Que reste-t-il de nos CD? Et même de nos vinyles? En cette Journée internationale des disquaires indépendants, La Presse fait le point sur ces supports physiques de musique qu'on dit voués à disparaître... mais qui connaissent un regain de popularité, notamment chez les jeunes.

Les signes ne mentent pas

Si la vie des supports physiques de musique se prolonge contre toute attente, les signes de leur chute ne mentent pas: la fermeture récente de la chaîne de détaillants HMV, dont plus de 20 magasins au Québec, a été suivie de près par la faillite de DEP Distribution Exclusive Ltée, soit l'un des deux principaux distributeurs indépendants au Québec.

La suite des choses? La disparition de ces deux acteurs cruciaux pour la vente de CD et de vinyles interpelle notre industrie de l'enregistrement musical.

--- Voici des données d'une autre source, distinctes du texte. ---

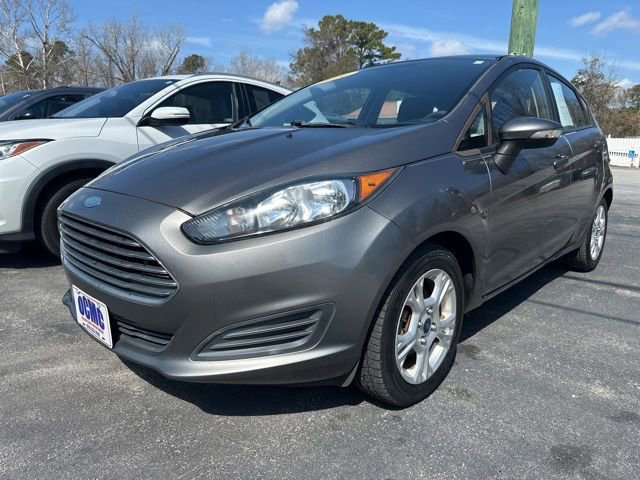 Used 2014 Ford Fiesta SE image 3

«Difficile de faire des pronostics, ce n'est pas moi qui les ferai», amorce prudemment Georges Tremblay, ex-directeur général chez DEP et actuellement à la barre de la filiale canadienne du distributeur Believe Digital.

«Au début des années 2000, rappelle-t-il, on donnait cinq ans au CD, alors? Aux États-Unis et en Europe, le numérique est devenu plus important que le physique depuis lors. Ici, le physique l'emporte encore mais le basculement n'est pas loin. De là à tuer le physique?»

«Il y aura toujours des gens qui préféreront acheter des disques. Je travaille maintenant pour une compagnie privilégiant le numérique et je ne suis pas près d'affirmer que le produit physique deviendra complètement marginal.»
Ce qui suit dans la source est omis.